In a forum with health workers in line with the Philippine International AIDS Candlelight Memorial 2018, Daryl Lucian Bautista from the Health Control Division of DOLE said “employees are encouraged to know their HIV status but they should not be forced by their employers.”
“Compulsory HIV testing in the workplace as well as in other institutions is strictly prohibited under our Constitution,” he said.
Under Republic Act 8504 otherwise known as Philippine AIDS Prevention and Control Act of 1998, discrimination in the workplace is “any form from pre-employment to post-employment including hiring, promotion or assignment, based on the actual, perceived or suspected HIV status of an individual.”

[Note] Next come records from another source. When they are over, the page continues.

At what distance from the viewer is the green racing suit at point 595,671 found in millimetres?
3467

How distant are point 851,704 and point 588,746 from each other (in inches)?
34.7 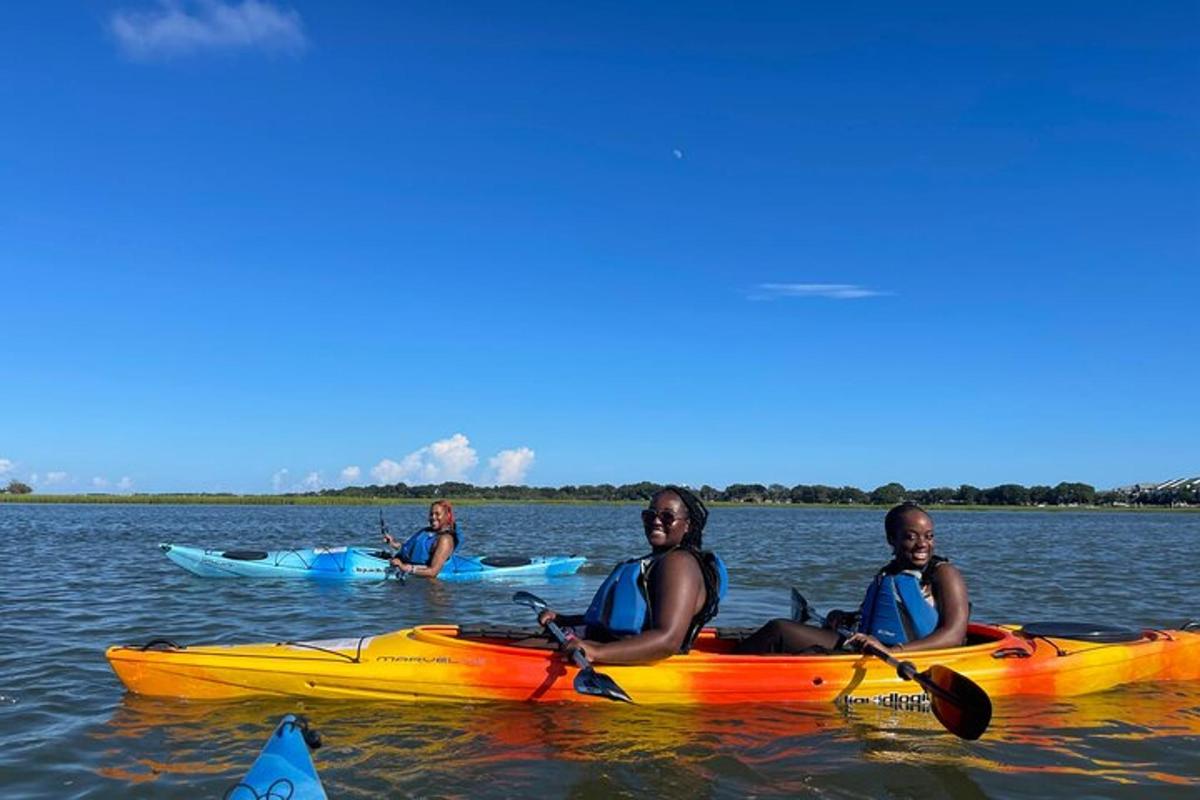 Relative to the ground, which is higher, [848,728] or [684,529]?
[684,529]

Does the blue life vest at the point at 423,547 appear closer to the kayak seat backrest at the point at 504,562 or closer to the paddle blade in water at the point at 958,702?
the kayak seat backrest at the point at 504,562

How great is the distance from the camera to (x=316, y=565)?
15047 millimetres

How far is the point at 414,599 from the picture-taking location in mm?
12930

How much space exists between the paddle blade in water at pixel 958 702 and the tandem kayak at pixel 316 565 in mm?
10375

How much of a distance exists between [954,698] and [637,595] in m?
2.04

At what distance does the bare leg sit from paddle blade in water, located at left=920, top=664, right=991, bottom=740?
1036 mm

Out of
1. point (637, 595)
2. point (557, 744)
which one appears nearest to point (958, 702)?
point (637, 595)

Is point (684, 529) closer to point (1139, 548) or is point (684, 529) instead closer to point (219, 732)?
point (219, 732)

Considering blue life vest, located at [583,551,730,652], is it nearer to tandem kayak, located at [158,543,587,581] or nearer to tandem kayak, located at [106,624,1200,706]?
tandem kayak, located at [106,624,1200,706]

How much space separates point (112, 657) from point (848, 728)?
5.08 metres

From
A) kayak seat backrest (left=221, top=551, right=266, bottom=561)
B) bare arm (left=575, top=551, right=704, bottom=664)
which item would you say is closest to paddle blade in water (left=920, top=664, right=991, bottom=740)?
bare arm (left=575, top=551, right=704, bottom=664)

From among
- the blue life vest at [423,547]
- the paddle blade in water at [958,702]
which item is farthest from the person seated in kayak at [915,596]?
the blue life vest at [423,547]

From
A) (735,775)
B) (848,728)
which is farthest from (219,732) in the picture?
(848,728)

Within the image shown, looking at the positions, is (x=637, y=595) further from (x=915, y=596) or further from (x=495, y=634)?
(x=915, y=596) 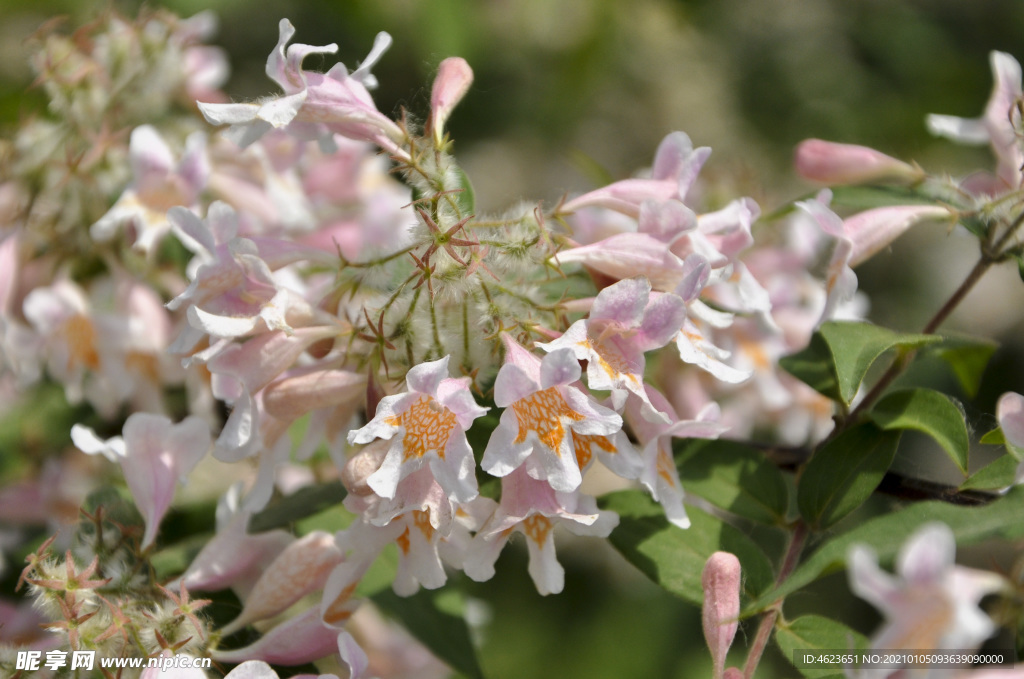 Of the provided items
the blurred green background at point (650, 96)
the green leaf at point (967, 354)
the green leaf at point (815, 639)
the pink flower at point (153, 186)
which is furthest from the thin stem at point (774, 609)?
the blurred green background at point (650, 96)

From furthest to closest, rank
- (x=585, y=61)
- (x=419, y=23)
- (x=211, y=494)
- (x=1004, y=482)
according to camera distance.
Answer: (x=585, y=61), (x=419, y=23), (x=211, y=494), (x=1004, y=482)

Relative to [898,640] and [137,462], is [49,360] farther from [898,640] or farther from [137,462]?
[898,640]

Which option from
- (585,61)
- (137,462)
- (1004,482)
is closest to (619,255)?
(1004,482)

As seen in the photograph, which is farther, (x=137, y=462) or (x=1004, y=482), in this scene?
(x=137, y=462)

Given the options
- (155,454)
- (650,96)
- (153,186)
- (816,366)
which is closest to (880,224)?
(816,366)

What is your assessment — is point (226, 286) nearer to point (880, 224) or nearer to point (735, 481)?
point (735, 481)

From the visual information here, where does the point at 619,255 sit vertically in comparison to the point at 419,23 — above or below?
above

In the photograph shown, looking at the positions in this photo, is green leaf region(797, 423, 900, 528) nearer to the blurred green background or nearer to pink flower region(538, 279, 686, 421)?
pink flower region(538, 279, 686, 421)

Bautista also noted that the law also penalizes any educational institution that “refuses admission or expel, discipline, segregate, deny participation, benefits or services to a student or prospective student on the basis of his/her actual, perceived or suspected HIV status.”
In the forum, Philippine Shell Petroleum Corp. country health manager Rosalie Rivera said her firm “encourages its employees to undergo HIV testing and assure them that they will handle the results with confidentiality.”
For his part, Maritime Academy of Asia and the Pacific president Vice Admiral Eduardo Santos told forum participants that “in our school, we do not tolerate discrimination on our HIV positive students. We do not isolate them and we let them participate in our activities.”
The forum’s theme was “Policy Dissemination on HIV in the Workplace and National Measles Supplemental Immunization.”